Саймон, наш главный редактор, сдался быстро. Не сдаться было невозможно — на нас положил глаз сам Соломон Маршалл, которого в узких кругах и за глаза называют Медведь. А для меня он просто убийца. Убийца малого бизнеса. Всё, к чему он прикасается, перестаёт существовать. Вот и наш бедный журнал сегодня официально похоронят, загнав в состав «Эсквайр». Для нас обещали оставить пару страничек. Как мило. Казалось бы, радуйся, переходишь на ступень выше, но на эту ступень перейдут, увы, далеко не все. За таким поглощением всегда идут увольнения. Так сказал нам потный, трясущийся Саймон на вчерашней летучке.
Я понятия не имею, что будет со мной. Я исправно веду колонку «Спросите Сэнди Буш», но, конечно же, я не Сэнди Буш. Я Мэган (даже не Фокс) Сайверсон и я всего лишь её помощник. Наша местная звезда погрязла в собственном радиошоу и готовится выйти на местное кабельное ТВ, колонку же веду за неё я. Только мало кто об этом знает. Я эдакий призрак на грохочущих шпильках, но выбирать не приходится — на мне два кредита и квартиросъем, а платят здесь вполне сносно. Платили.
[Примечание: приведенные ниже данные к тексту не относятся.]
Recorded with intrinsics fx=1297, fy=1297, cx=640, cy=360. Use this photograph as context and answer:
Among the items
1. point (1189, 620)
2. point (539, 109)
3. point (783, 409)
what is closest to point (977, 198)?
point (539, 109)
С сегодняшнего дня Медведь и его прихвостни будут проводить у нас полный аудит, в том числе стоять за спиной каждого сотрудника, оценивая его эффективность по критериям, известным, пожалуй, только им. Поэтому я вместо удобных балеток скачу на каблуках. Поэтому на моем лице вместо тонюсенького слоя bb-крема килограмм пудры, тоналки, основы, хайлайтера и прочих невообразимых вещей, названия которых похожи на заклинания. Благо, моя сестра Никки визажист. И потому я в узкой классической юбке вместо джинсов и с «ракушкой» на голове вместо лохматого блондинистого пучка, в который я обычно втыкаю карандаш, чтобы не развалился.
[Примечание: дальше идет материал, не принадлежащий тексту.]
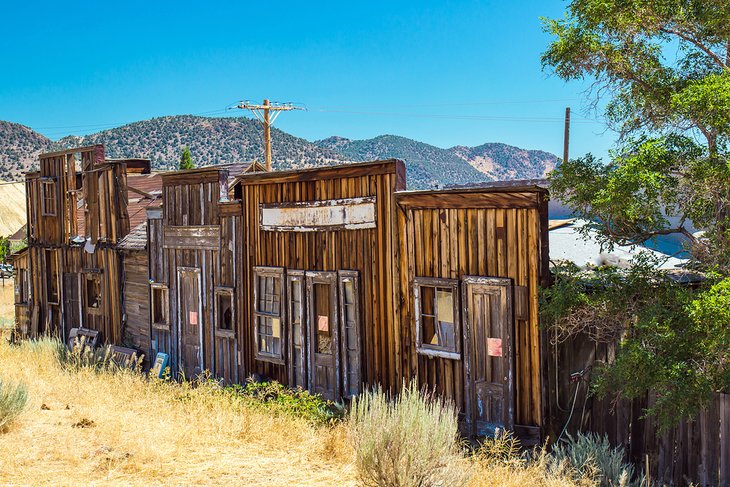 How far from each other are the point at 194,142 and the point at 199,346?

Как назло, с лифтами творится что-то странное. Люди подходят к дверям, жмут кнопки, жмут ещё и ещё, и переходят к соседним. И так делает каждый, будто по вшитому в подкорку алгоритму. Когда я добегаю, наконец, до фойе, у двух единственных оставшихся в рабочем состоянии лифтов уже собрались две длинные очереди. Пристраиваюсь в хвосте и поглядываю на другую, которая, кажется, бежит быстрее. Вот так всегда. Удачливость — не моё качество.
На подходе втыкаюсь уже в знакомую спину с остатками моей пудры.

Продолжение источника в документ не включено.